Now I'm not going to comment individually on this matter, but people face very serious consequences when they return to this country if they've broken Australian law.
And if they're in proscribed areas and they don't have a reason for being there, if they've been involved in supporting terrorists or involved in activities directly themselves, they will face the full force of the law when they return to Australia.
JOURNALIST: Okay, and the children?
PETER DUTTON: Well the children, as I say, it depends on the circumstance, the ages of the children. If they're infants, for example, then they would be in state care, as we've seen with some people who have decided to abandon their children and go off and fight in the name of ISIL.

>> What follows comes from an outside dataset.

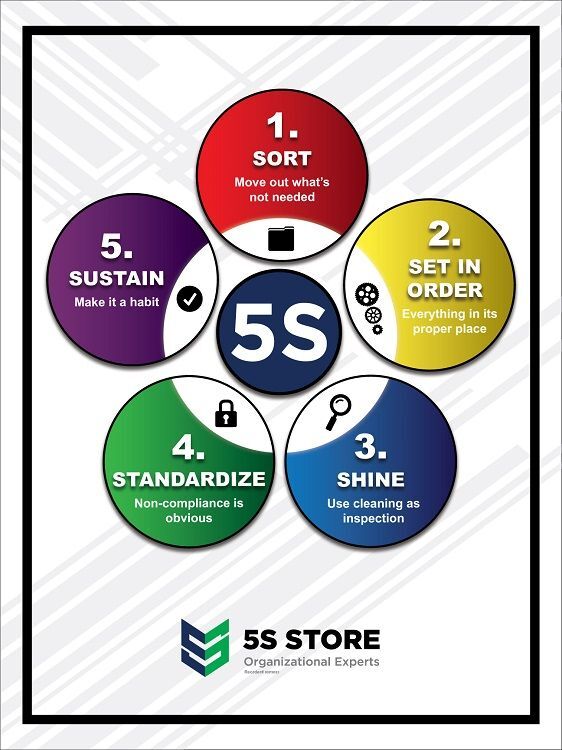 5S Circles Poster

So those arrangements would operate as they would with any family where parents have abandoned their children or not acting in the best interests of their children.
JOURNALIST: Now the further step of stripping someone who only has Australian citizenship, which we understand has been discussed in Cabinet, if you have grounds to believe they would be able to become a national of another country.
Now, why float that idea at all if you don't intend to follow through with it?
PETER DUTTON: Well, we've said that we're open to debate on the issue and we're open to including that extra limb within the legislation that we announced yesterday.
And this is a second limb as it operates in the UK. And effectively it works like this: That, again, with the important principle of not rendering somebody stateless, if somebody can avail themselves of citizenship of another country and the minister can satisfy him or herself that that person won't be rendered stateless by revocation of our citizenship, then that's the way in which it operates in the UK.
And we're saying, as part of Philip Ruddock's process here, that there should be discussion around that aspect, around that particular element. And we've expressed a view that we're open to its inclusion or not. We'll let the process run its course.
JOURNALIST: What was your answer to the question that was reportedly put by Julie Bishop in Cabinet that if Australia were to strip one of its people of citizenship, would another country likely approve an application for citizenship?
PETER DUTTON: Well, again, I'm not going to go into a Cabinet discussion…
JOURNALIST: Well, a broad question then. Let's take it out of Cabinet.
PETER DUTTON: I'm very happy to answer it. I saw that one report in relation to the Cabinet discussion, which frankly is a complete misrepresentation of the discussion that took place.
But the underlying principle here is that there is not to be a case where a person is rendered stateless. That is a very important principle. We haven't abandoned that. And it underscores all of what we have announced in relation to this space.
Now we will satisfy ourselves in individual cases about the facts, relying on all the evidence available to us. And then we'll make a judgement on that basis. And in the end, as I say, it's reviewable not only through the AAT but the Federal Court and the High Court.
JOURNALIST: These stories do keep coming out though. I mean I know you say this one wasn't correct, but this is certainly a Cabinet that seems to leak pretty badly, doesn't it?
PETER DUTTON: Well, Michael, all I can tell you is that the Government's with one purpose, and that is to make sure that we keep our people safe, to make sure that we recognise the threat of terrorism in this county.
ASIO and the other intelligence agencies have said publicly that over 400 high priority cases are under investigation at the moment. We have 100 Australians fighting in Syria, Iraq, in the Middle East elsewhere. And we have at least 150 people back here who are involved in financing or supporting people otherwise, who are involved in terrorist activities.
We need to stare down that threat and that's exactly what we'll do.
JOURNALIST: Okay, Peter Dutton, thank you very much for joining us.
PETER DUTTON: Thanks Michael. Thank you.
JOURNALIST: That's the Immigration Minister Peter Dutton there.